Don't miss out on potential sales because you failed to optimize your mailings - here are seven strategies that will help you to get the most out of your email marketing campaigns.

Pinterest might be flashy and Twitter might be trendy, but old-school email is still the best in the business when it comes to generating customer interaction and sales. When you send an email to a list of customers or clients, you’re reaching targeted individuals who opted-in to receive your content. That means they’re already primed and ready to follow through on whatever you’re offering.

However, your email campaign is only as good as the follow-through you give it. Don’t miss out on potential sales because you failed to optimize your mailings.

1. Use a Newsletter Service

If you’re not already signed up for an email marketing service provider, such as MailChimp or AWeber, you’re doing yourself a disservice. These companies make it easy to create beautiful, mobile-optimized emails – a hugely important factor considering almost 40 percent of users access email from mobile devices.

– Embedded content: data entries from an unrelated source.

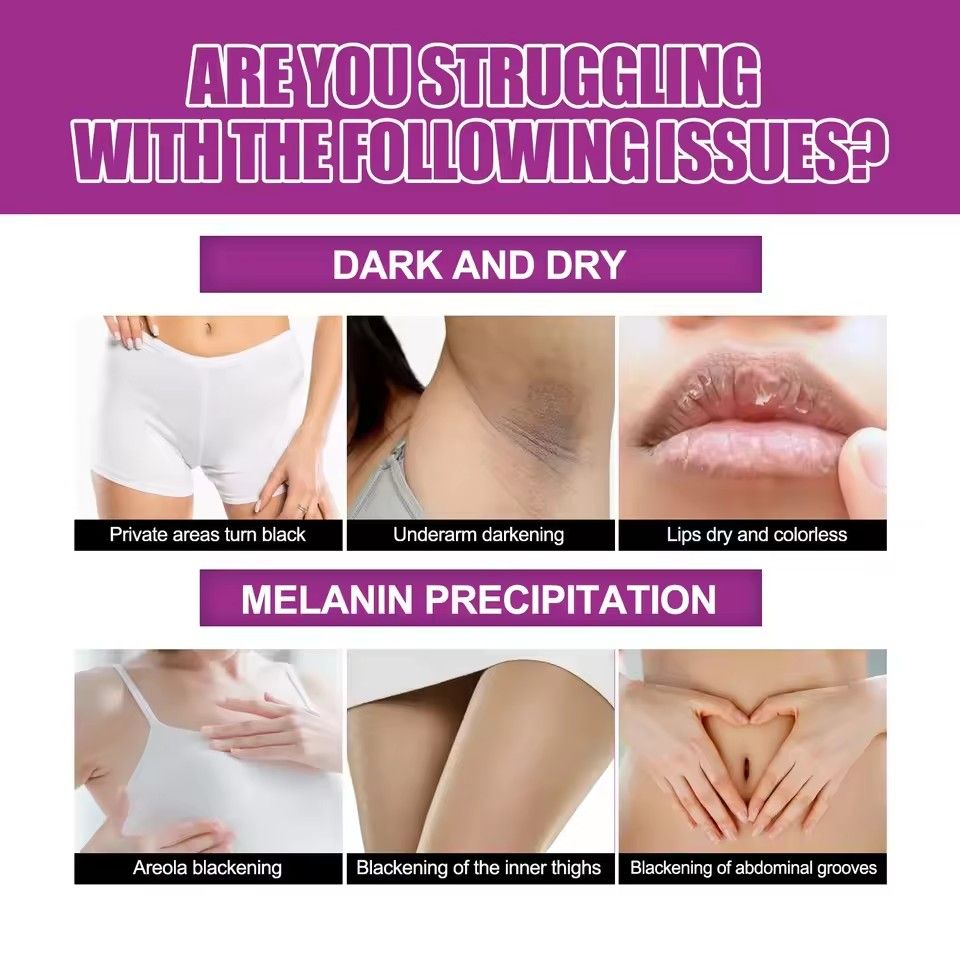Dark Skin Whitening Cream Underarm Leg Knee Elbow Bleaching Lightening Intimate Areas Remove Pigmentation Brighten Skin Care 30g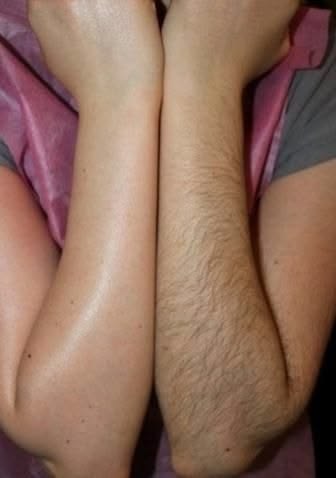 Hair Removal Spray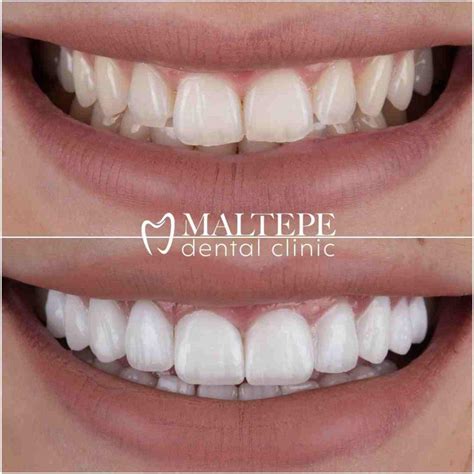 Veneers Vs Lumineers Welche Option Ist Besser Pro Kontra Maltepe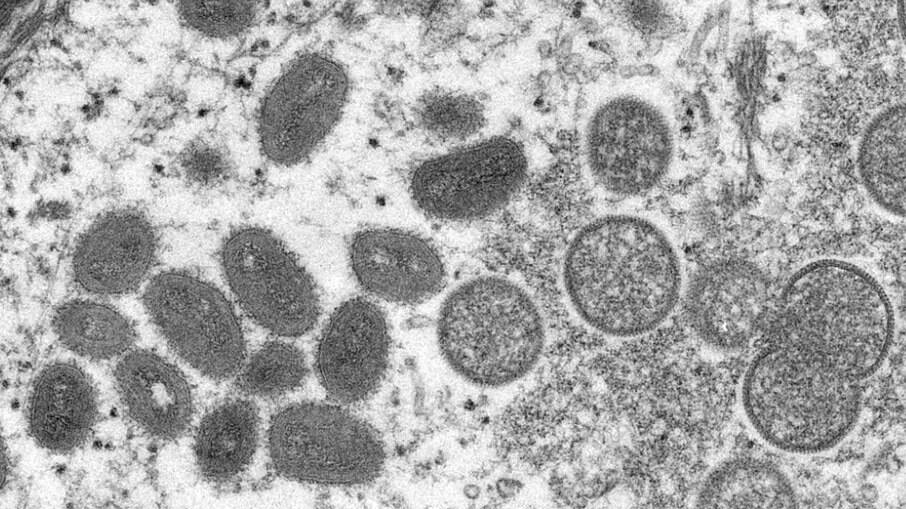 'Monkey pox' virus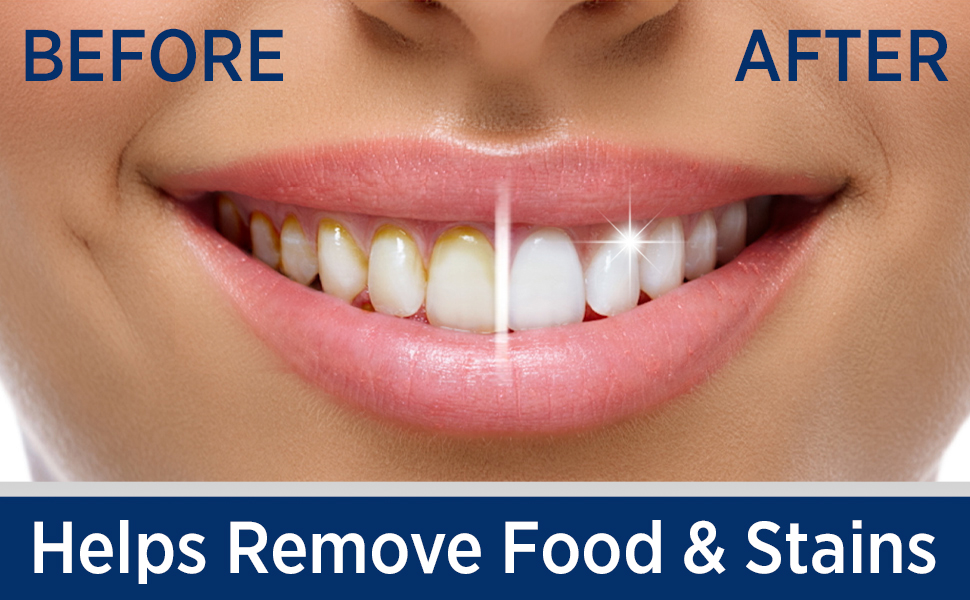 Helps Remove Food & Stains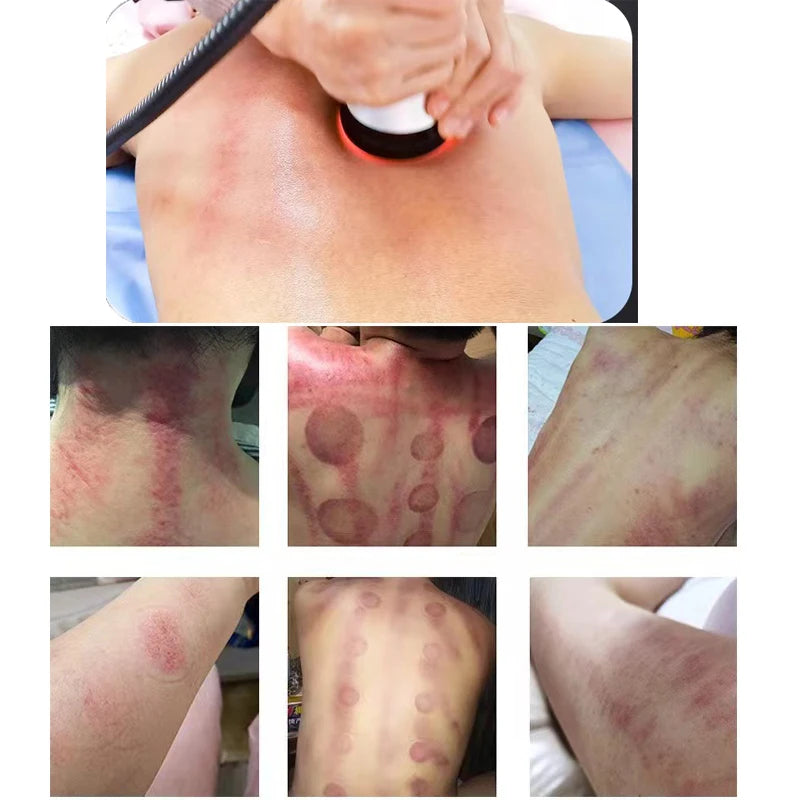 🔭 2️⃣ SabbaVie™ 4-in-1 Ultrasonic Cavitation Body Slimming Machine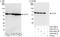 Chaperonin Containing TCP1 Subunit 8 antibody, A303-449A, Bethyl Labs, Western Blot image 
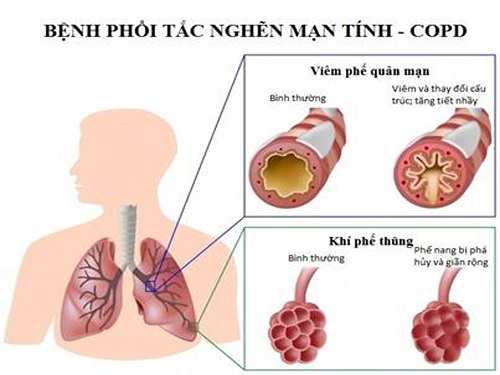 phoi tac ngen.jpg?t=1757037856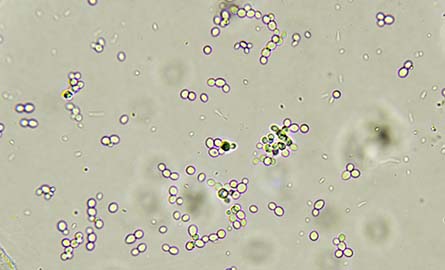 Microscopic view of HPV virus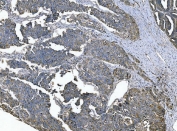 IHC staining of FFPE human ovarian serous adenocarcinoma tissue with Zonula occludens protein 2 antibody. HIER: boil tissue sections in pH8 EDTA for 20 min and allow to cool before testing.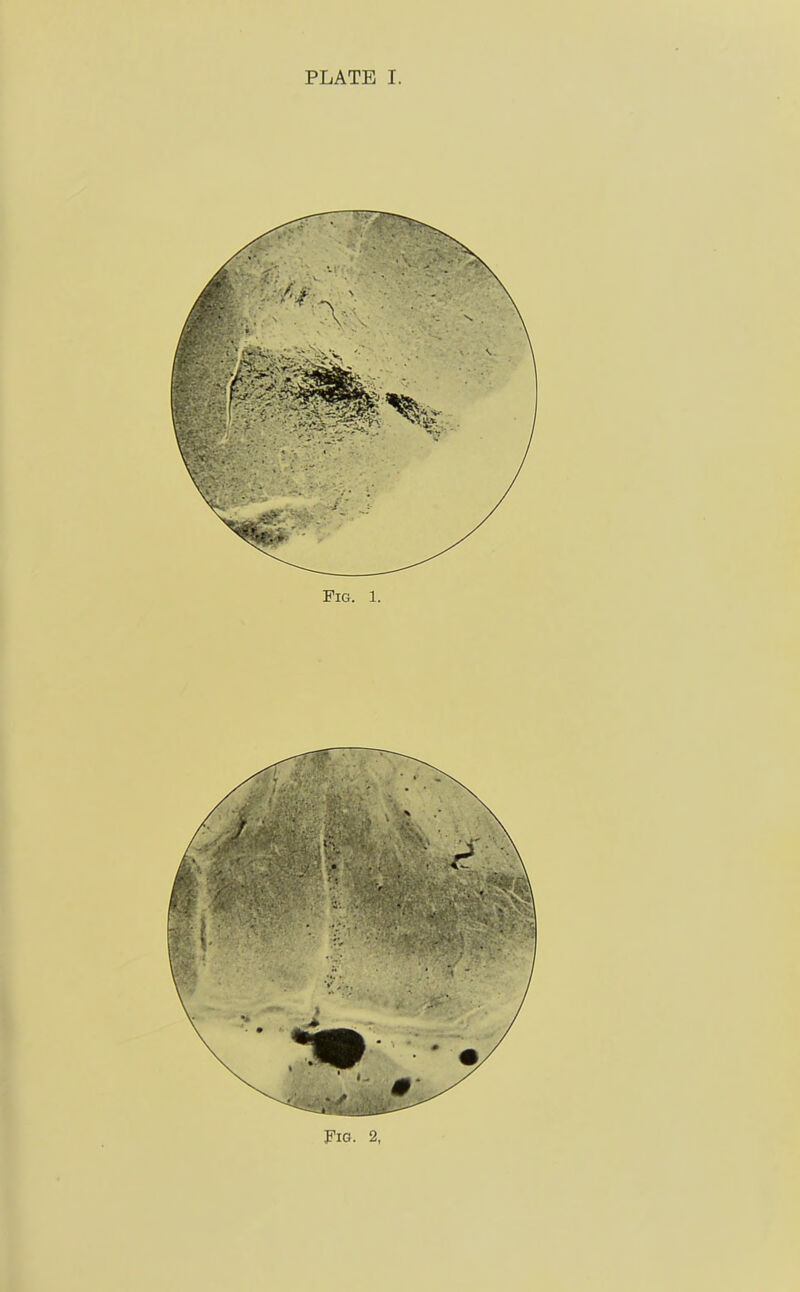 Pig. 1. Fig. 2,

The benefits don’t end there, though. You can also manage email lists, integrate forms and sign-ups on your website, and track email analytics. If you’ve been trying to manage every aspect of your newsletters in-house, it’s time to free up some manpower and let a cloud service take some of the work off your hands.

2. Test Your Subject Lines

According to stats compiled by Impact Branding & Design, 33 percent of email recipients open their email based on the subject line alone. Your subjects should be concise and informative, giving the reader a reason to click through. This is no easy task. That’s why many email marketing services allow you to send out two versions of the same email, each with a different subject line – enabling you to test which one garners more opens from readers.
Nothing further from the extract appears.